Let's not focus on why this is happening. It's a Microsoft product, 'nuff said. Instead, let's fix it. Here's how (this works in Vista, too):

Run Windows Explorer and navigate to the folder containing the Office executables (i.e., the actual programs, not their shortcuts). On my system that's C:, Program Files (x86), Microsoft Office, Office12. (Note: I use Office 2007. If you use Ofice 2003, the folder might be called Office11.) Find the executable for any program that's exhibiting this problem. For this example, we'll use Outlook. Right-click the Outlook icon and choose Run as administrator. The program will load, and the EULA will pop up as usual. Accept it--for what should be the last time. Close the program, wait a moment, and then run it again like you normally do (using the shortcut). Presto--no more EULA! Repeat the process for any other offending Office programs.

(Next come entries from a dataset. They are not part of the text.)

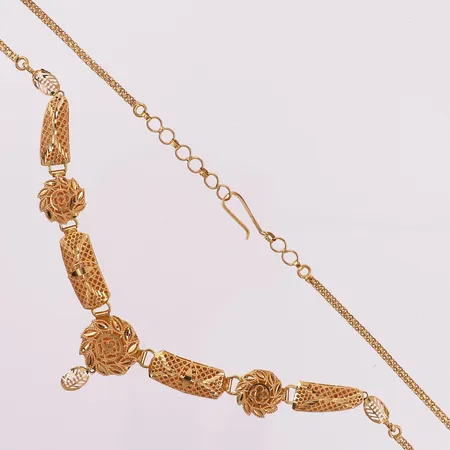 Halssmykke, lengde 43,4cm, bredde 15,4mm, 21K Vekt: 14,6 g Kontakt Lånekontoret for frakt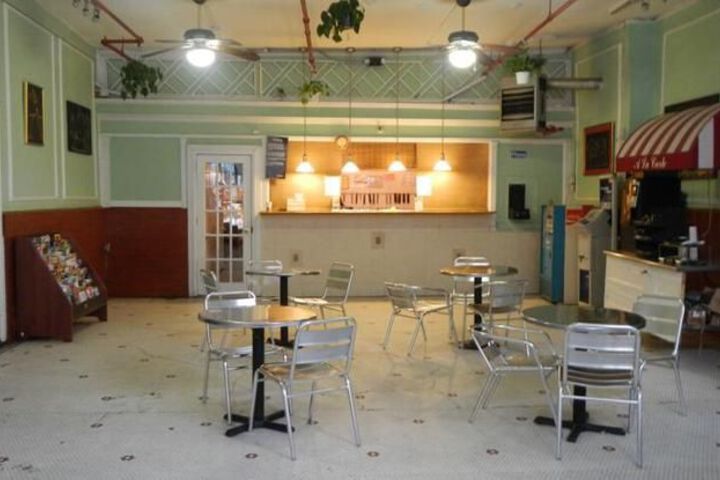 BOWERY'S WHITEHOUSE OF NY 2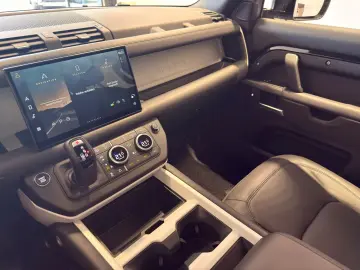 LAND ROVER Defender 130 D300 X-Dynamic SE AHK SITZKÜHLUNG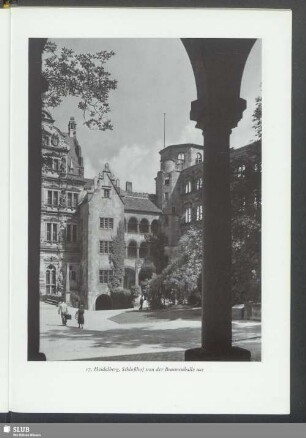 Heidelberg, Schloßhof von der Brunnenhalle aus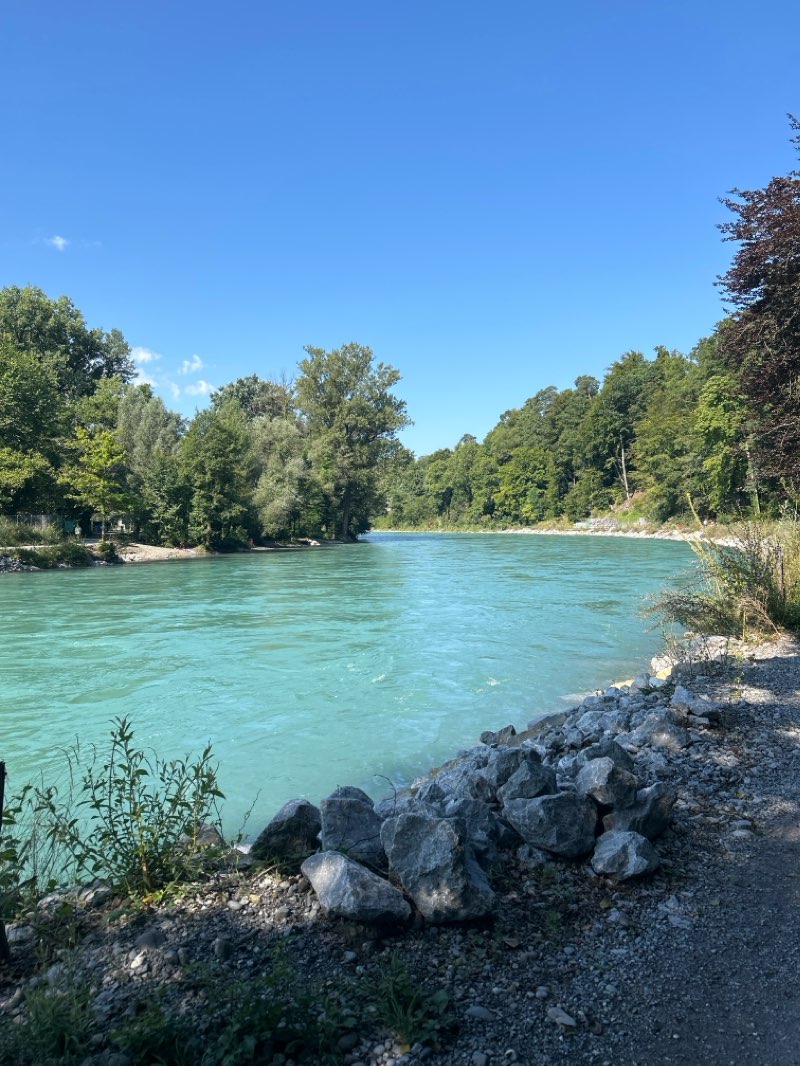 walking near me in Florapark in winter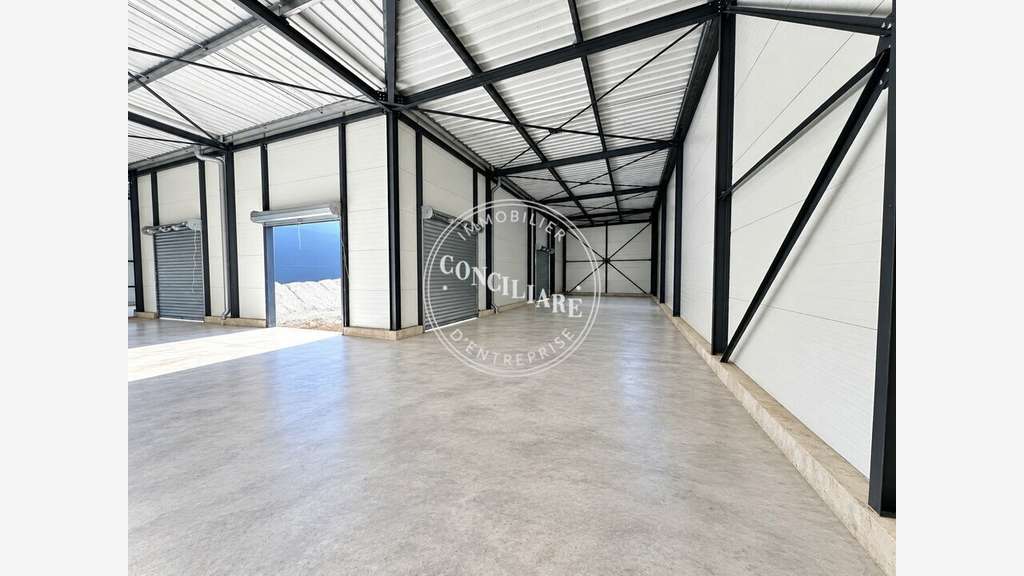 Entrepôt 473m² à louer à Seysses zone SEGLA II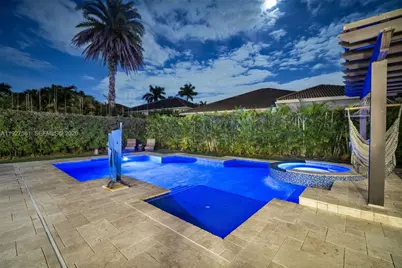 3825 Heron Ridge Ln, Weston, FL 33331 - Photo 4
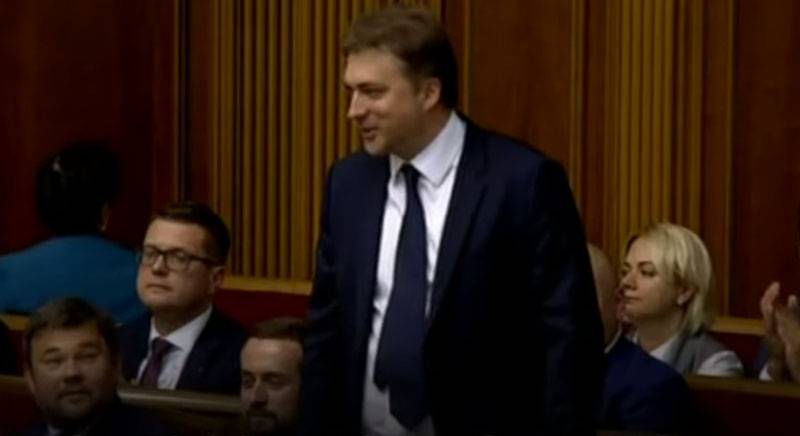 El nuevo Ministro de Defensa de Ucrania era un ex voluntario con un diploma de Oxford.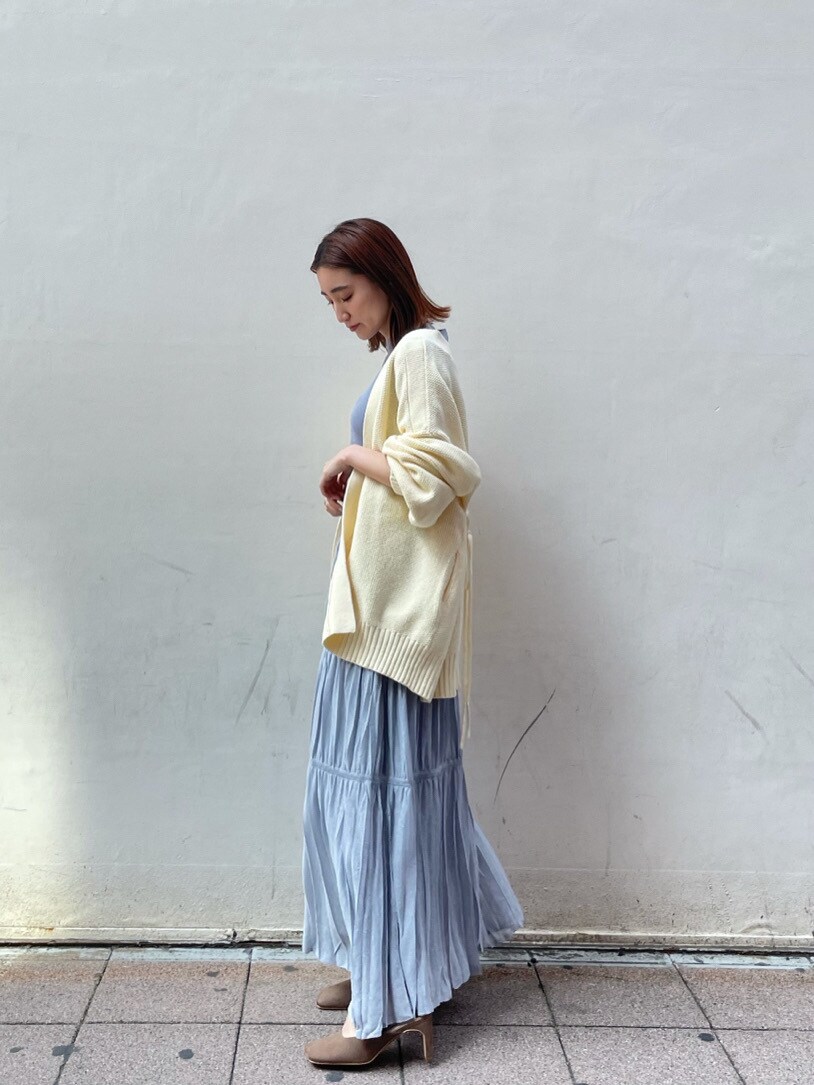 ベージュ系のサンダル、ホワイト系のカーディガン/ボレロ、ブルー系のワンピースを着用したレディースの春コーディネートの4枚目の写真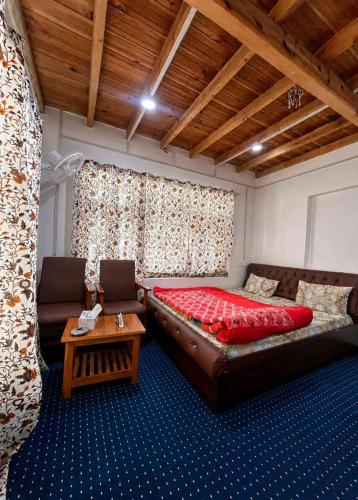 a living room with a couch and a table at Forest Glen Cottage in Wāmpor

Decide Between VGA, DVI, and HDMI for Your Monitor

A reader recently bought a new Dell system that came with a 21.5-inch LCD monitor. Although the monitor includes VGA, DVI, and HDMI inputs, it included only a VGA cable--even though the setup instructions recommend a DVI or HDMI connection! He wants to know why, and whether he should bother buying a different cable.

I'm going to answer in reverse.

I would indeed recommend using a different cable to connect your monitor to your PC. However, there's no need to bother with HDMI unless you're planning to watch Blu-ray movies (assuming your PC has both an HDMI video output and a Blu-ray drive). Even then, DVI also supports the HDCP protocol necessary to view that kind of protected video content. HDMI is really best for connecting a PC to an HDTV.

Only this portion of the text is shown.